In mezzo, sempre gli operatori
Si invoca la carenza di personale per giustificare i tagli, salvo poi procedere con la riduzione dell’organico. Un paradosso evidente, che non può sfuggire a chi, come noi, rappresenta quotidianamente le lavoratrici e i lavoratori impegnati nei reparti e nei servizi. Persone che tengono in piedi un sistema già precario, fondato in larga parte sul senso di responsabilità e disponibilità dei professionisti. Prima si denuncia un’emergenza, poi si sceglie di alimentarla. Se davvero si vuole migliorare l’assistenza, questa non è la strada.

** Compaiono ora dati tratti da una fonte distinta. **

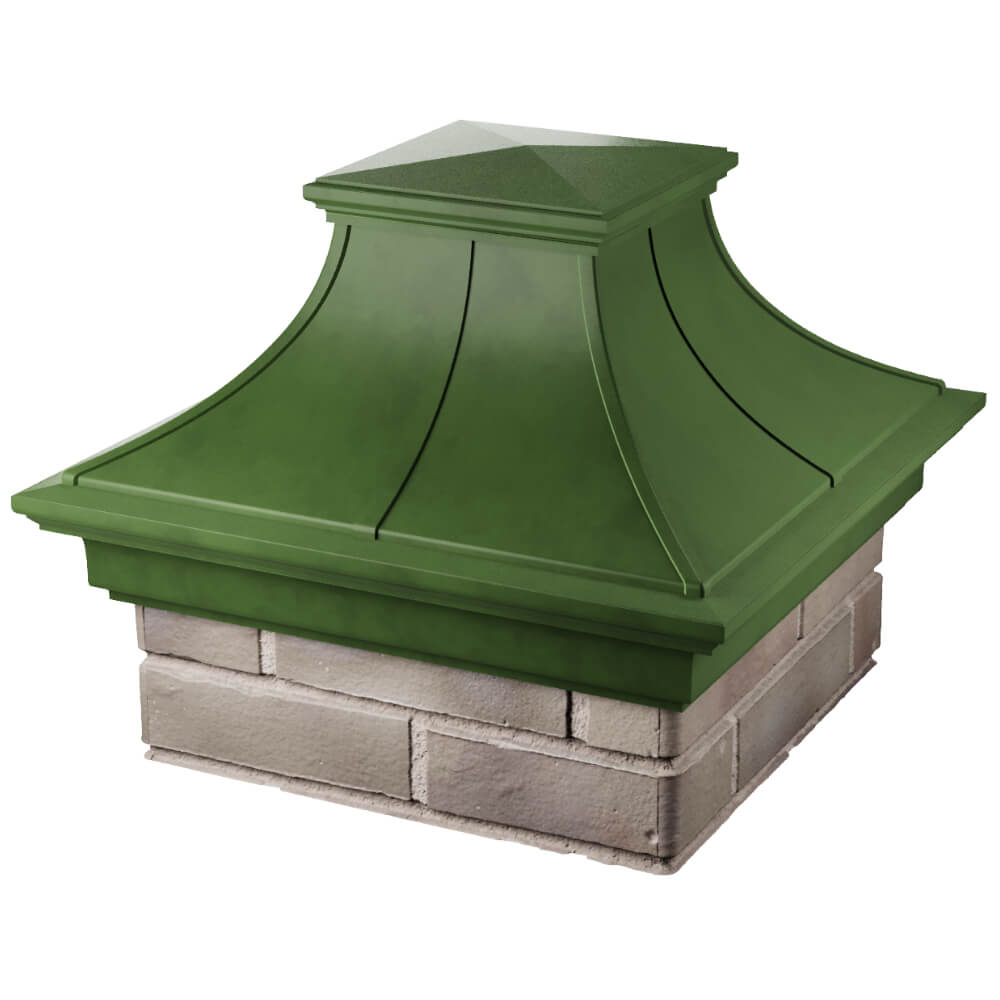 Колпак Zking Монблан Премиум Зеленый на столб 1.5х1.5 кирпича (385х385мм) в Салавате фото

Cau ridotti, Pronto soccorso ridotti: e poi?
Il documento accenna anche a una possibile rimodulazione – leggasi riduzione – delle attività dei CAU, nati proprio per alleggerire i pronto soccorso. I PS vengono trasformati in PPI. Il risultato è prevedibile: sovraccarico dei PS cittadini e ulteriore stress per il personale sanitario, in particolare quello del comparto, già oggi al limite.
Conclusione
Non siamo contrari ai cambiamenti. Ma vogliamo che siano coerenti, motivati, partecipati e sostenibili. Questo piano, al contrario, appare affrettato nei dati, vago negli effetti e pericoloso nella gestione del rischio clinico.

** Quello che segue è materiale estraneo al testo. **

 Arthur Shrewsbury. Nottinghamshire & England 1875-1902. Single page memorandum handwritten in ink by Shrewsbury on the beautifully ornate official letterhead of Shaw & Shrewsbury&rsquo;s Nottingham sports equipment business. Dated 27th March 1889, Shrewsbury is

Riteniamo urgente un confronto autentico, perché non si tratta soltanto di un riassetto organizzativo, ma della tenuta stessa del diritto alla salute dei cittadini. Procedere senza confronto significa dimenticare che un presidio sanitario non è solo una somma di numeri, ma un insieme vivo di professionalità, umanità e servizi che tengono unite le comunità locali, garantendo prossimità e continuità delle cure.
Togliere risorse e dignità a queste strutture equivale a indebolire la periferia, a discapito soprattutto dei cittadini più fragili. Il tutto in un contesto in cui l’Azienda sembra aver fatto della “riorganizzazione” una missione permanente: ne propone tante, e con tale frequenza, che i lavoratori si recano al lavoro senza sapere se troveranno la stessa struttura del giorno prima. Un quadro che rasenta il distopico.

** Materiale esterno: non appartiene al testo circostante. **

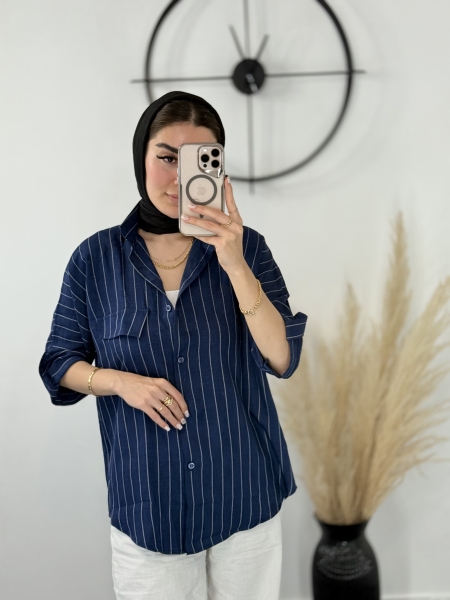 شومیز مانتویی دیپلمات سرمه ای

Come Uil Fpl, riteniamo che ogni riorganizzazione richieda tempo per essere assorbita, metabolizzata e stabilizzata. Continuare ad attuarne una dopo l’altra, senza una fase di consolidamento, porta solo a confusione, demotivazione, perdita di identità professionale e inefficienza.
Se si vuole davvero parlare di cambiamento, allora si parta da qui: fermiamoci, ascoltiamo, valutiamo insieme. Perché l’assistenza non è un esperimento, ma un diritto da garantire equamente a tutti, valorizzando nel contempo l’impegno e la competenza del personale.